Objectives. The aims of this study were to estimate the statewide prevalence of children ≤5 years old with elevated blood lead levels (BLLs) in gold ore processing and non-ore-processing communities, and to identify factors associated with elevated blood lead levels in children.
Methods. A representative, population-based study of ore processing and non-ore-processing villages was conducted throughout Zamfara in 2012. Blood samples from children, outdoor soil samples, indoor dust samples, and survey data on ore processing activities and other lead sources were collected from 383 children ≤5 years old in 383 family compounds across 56 villages.

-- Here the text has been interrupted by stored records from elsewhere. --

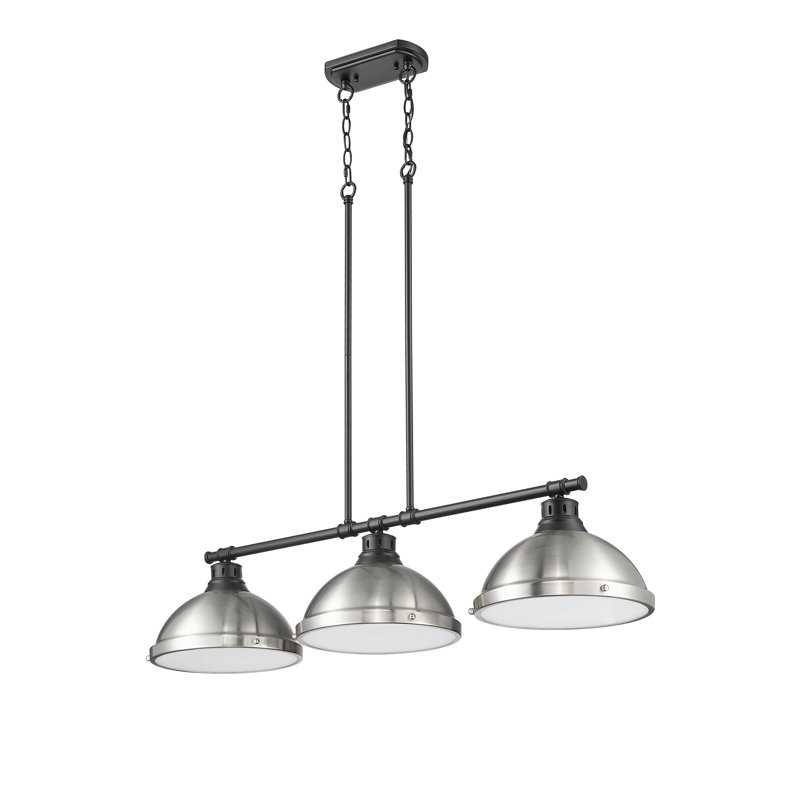 Laramy 3-Light Linear Pendant, Pewer, Matte Black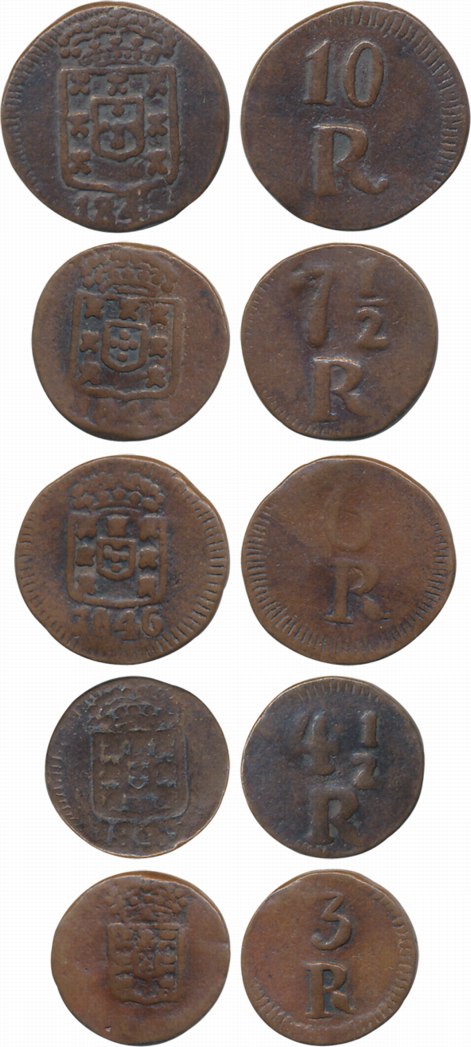 Maria II, Copper (5), 10, 7½, 6, 4½ & 3 Reis, 1845, 1845, 1846, 1845 & XXXX, Obv: Crowned 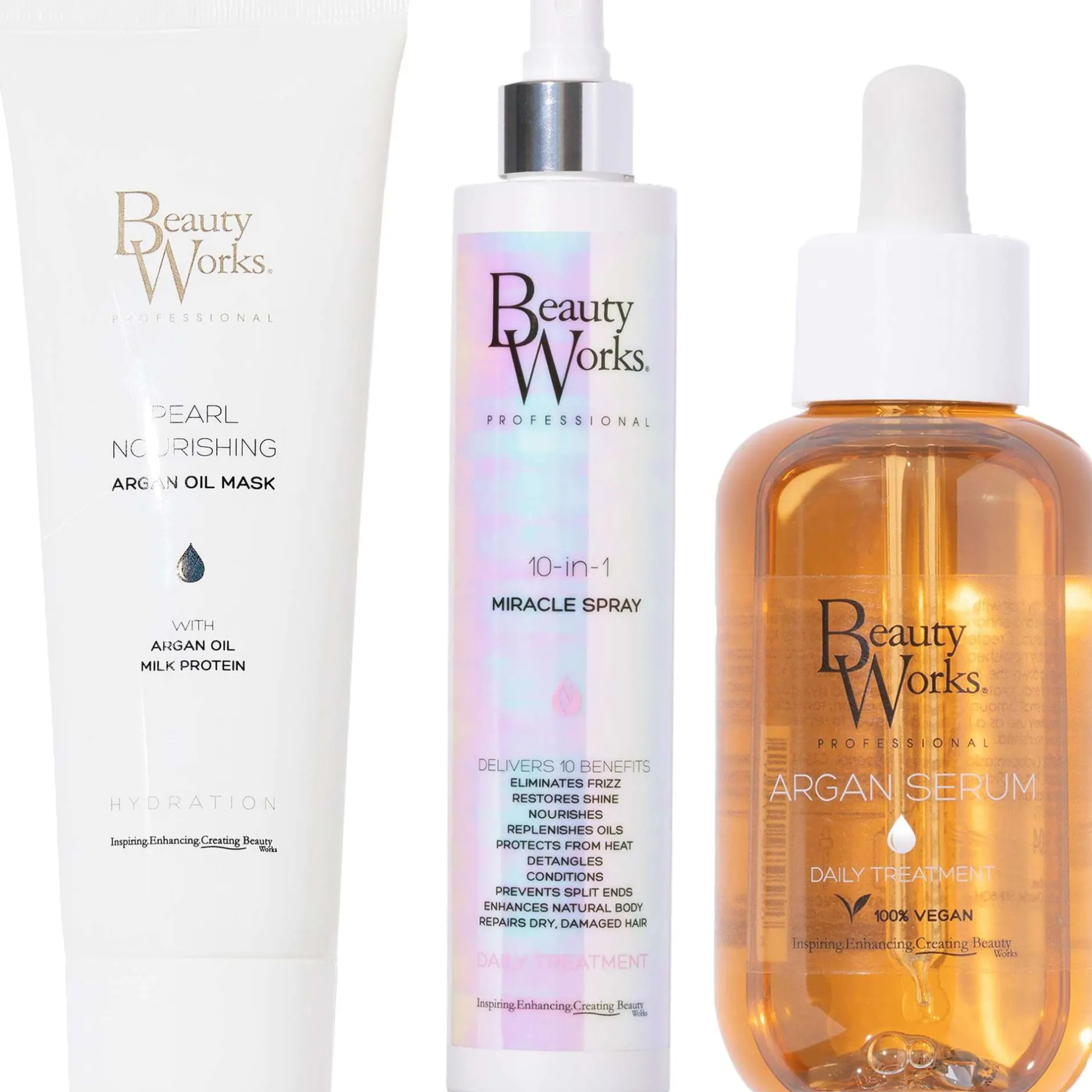 Beauty Works Bundles Trio: Pearl Nourishing Argan Oil Mask 250ml, 10 in 1 Miracle Spray 250ml & Argan Oil Serum 90ml Clearance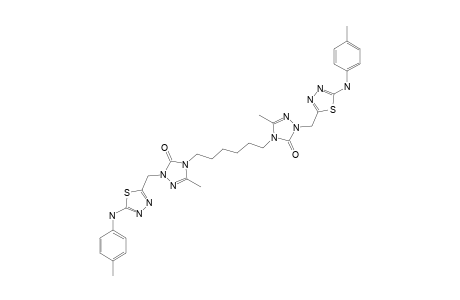 4,4'-(HEXANE-1,4-DIYL)-BIS-[2-[[5-(PARA-TOLUIDINO)-1,3,4-THIADIAZOLE-2-YL]-METHYL]-5-METHYL-2H-1,2,4-TRIAZOLE-3(4H)-ONE]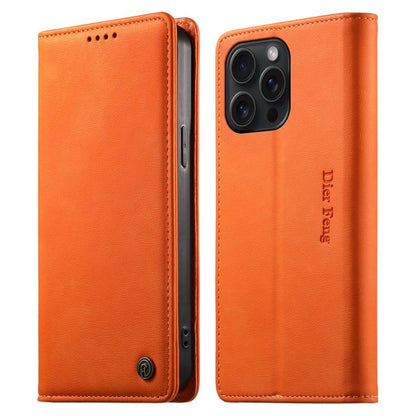 Dierfeng Metal Snap Magnetic RFID Vegan Leather Phone Case, For iPhone 16, For iPhone 15 Pro Max, For iPhone 15 Pro, For iPhone 15 Plus
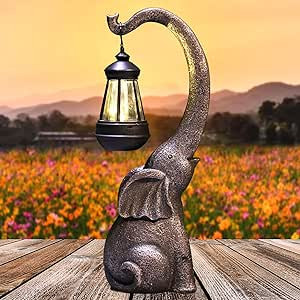 IVCOOLE 15 inch Outdoor Sculpture Figurine Statue Elephant with Solar Powered LED Lights, Garden ... | Amazon (US)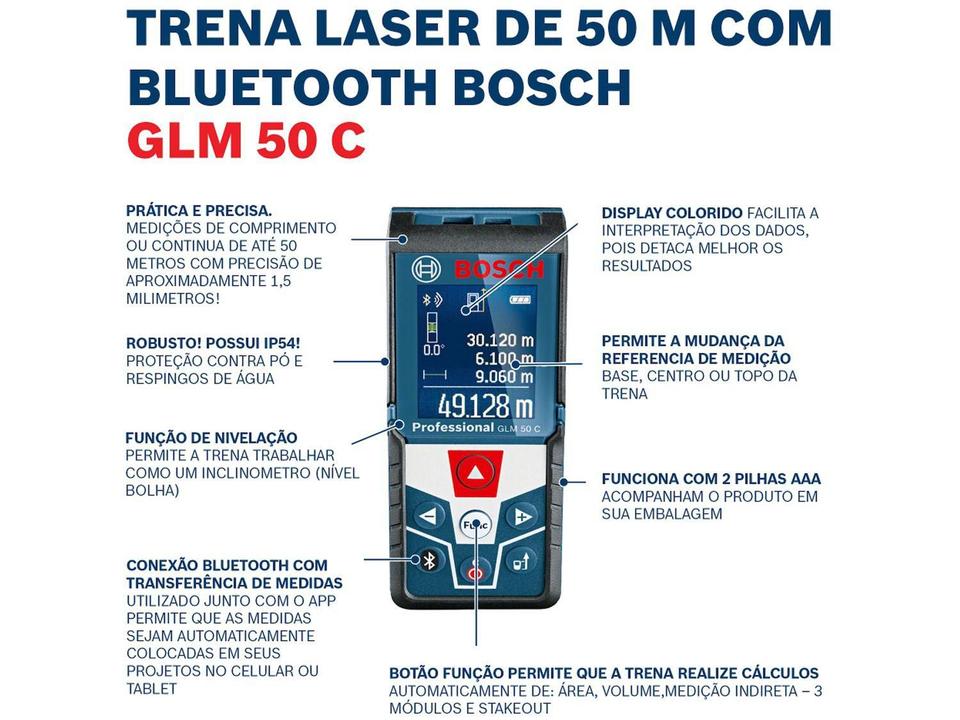 Trena a Laser Bosch 50m GLM 50 C Professional - com Nível - 2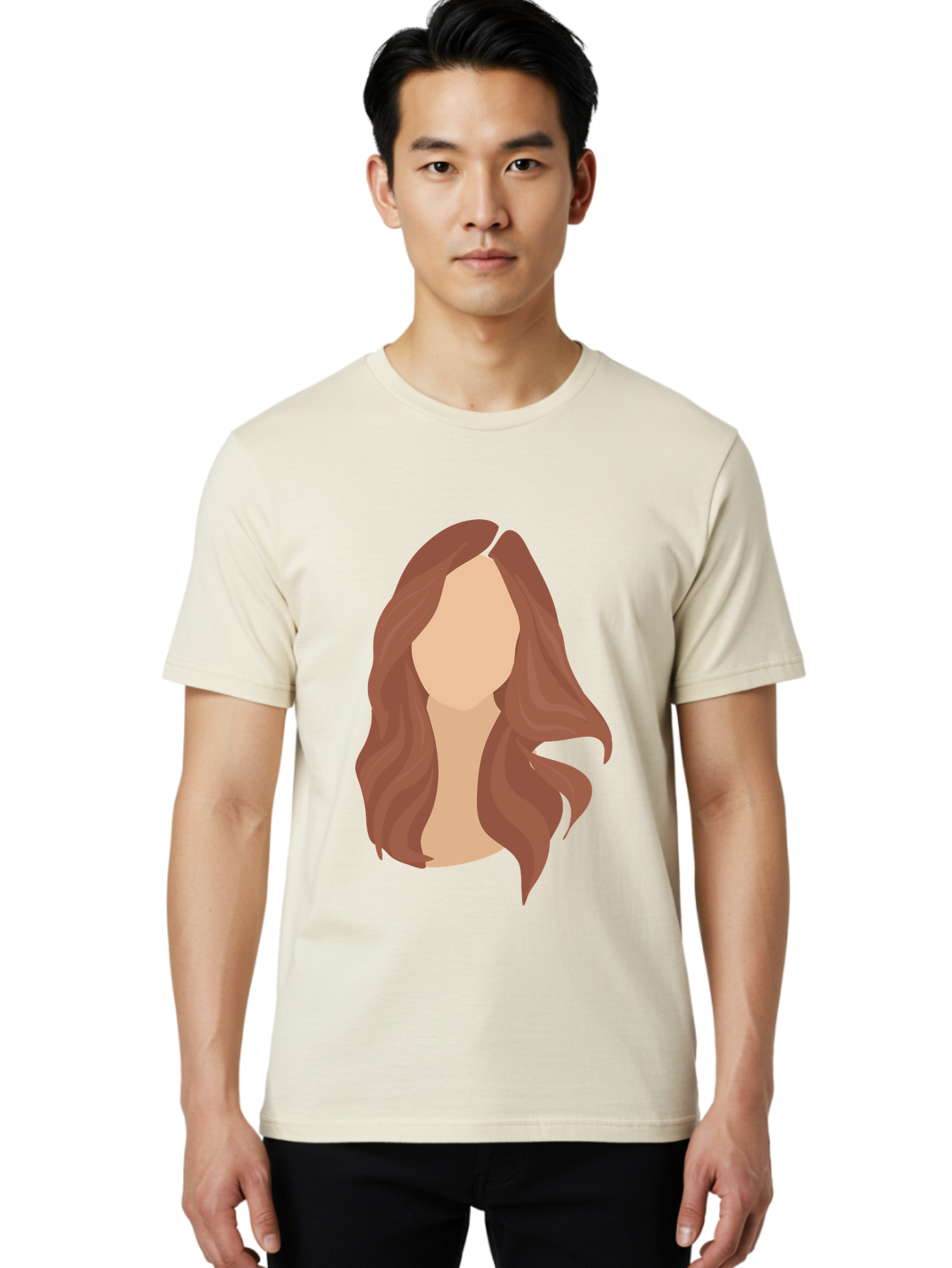 Woman-With-Long-Hair-2 Men'S Graphic Tee, 100% Cotton, Comfortable Casual Summer Wear, Machine Washable, Long Wavy Hair, Brunette Woman, Faceless Portrait, Hair Texture, Wavy Locks, Beauty Illustration, Hairstyle Inspiration, Hair Care Aae080 30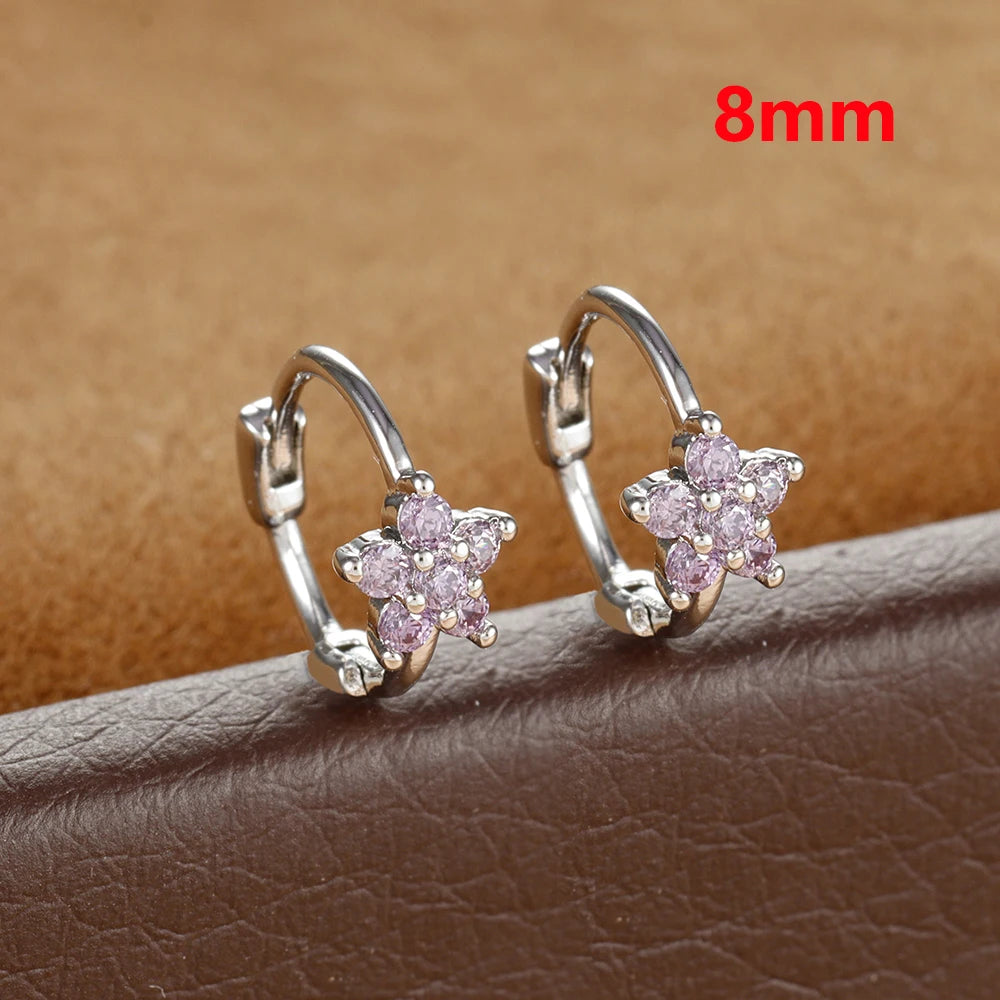 2PCS Huggies Hoop Earrings Stainless Steel Crystal Zirconia Flower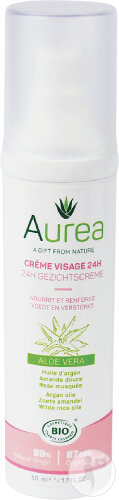 Auréa Crème Visage 24h Aloe Vera Flacon Pompe 50ml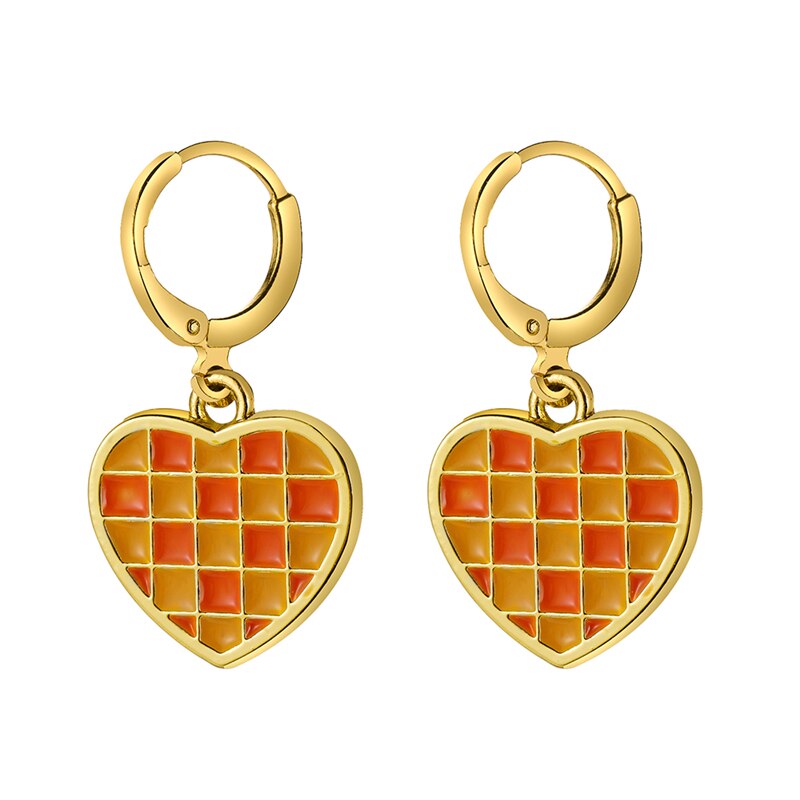 17KM Trendy Geometric Checkerboard Ball Shape Earrings For Women Fashion Colorful Lattice Drop Earrings  Trend Jewelry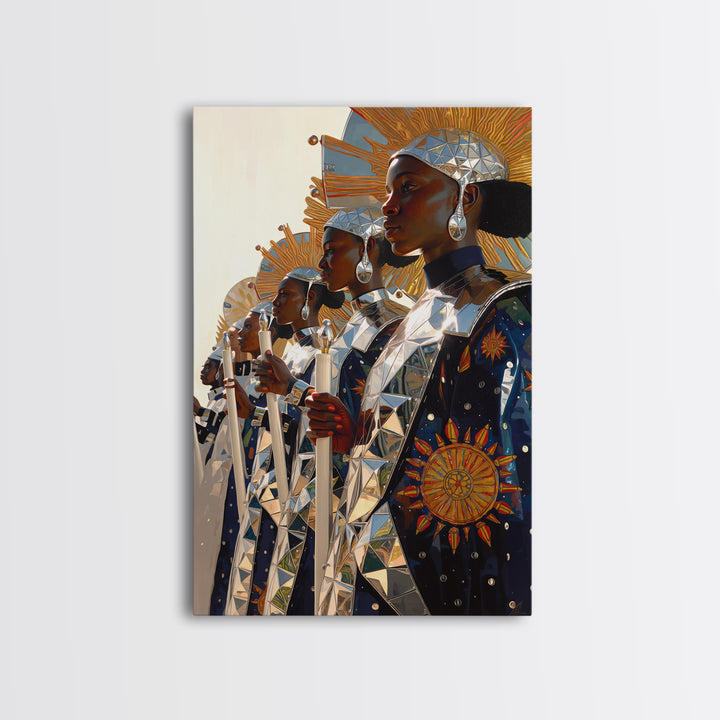 Afrofuturist Women In Silver Sun Armor Canvas Print, Black Women Art, African Queen, Empowered Women, Luxury Wall Decor Gift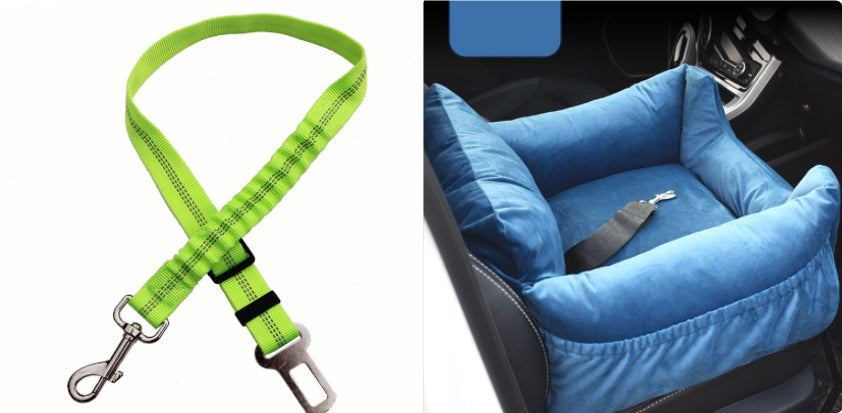HKM-9527229 Pet Car Nest for Dogs and Cats - Removable Washable Multi-Color Design with Non-Slip Bottom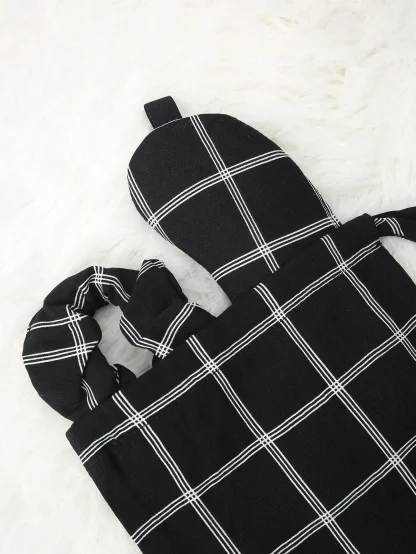 O Neck Solid Plaid Pajama Sets - Image 5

Results. 17.2% of compounds reported that at least one member had processed ore in the preceding 12 months (95% confidence intervals (CI): 9.7, 24.7). The prevalence of BLLs ≥10 μg/dL in children ≤5 years old was 38.2% (95% CI: 26.5, 51.4) in compounds with members who processed ore and 22.3% (95% CI: 17.8, 27.7) in compounds where no one processed ore. Ore processing activities were associated with higher lead concentrations in soil, dust, and blood samples. Other factors associated with elevated BLL were a child's age and sex, breastfeeding, drinking water from a piped tap, and exposure to eye cosmetics.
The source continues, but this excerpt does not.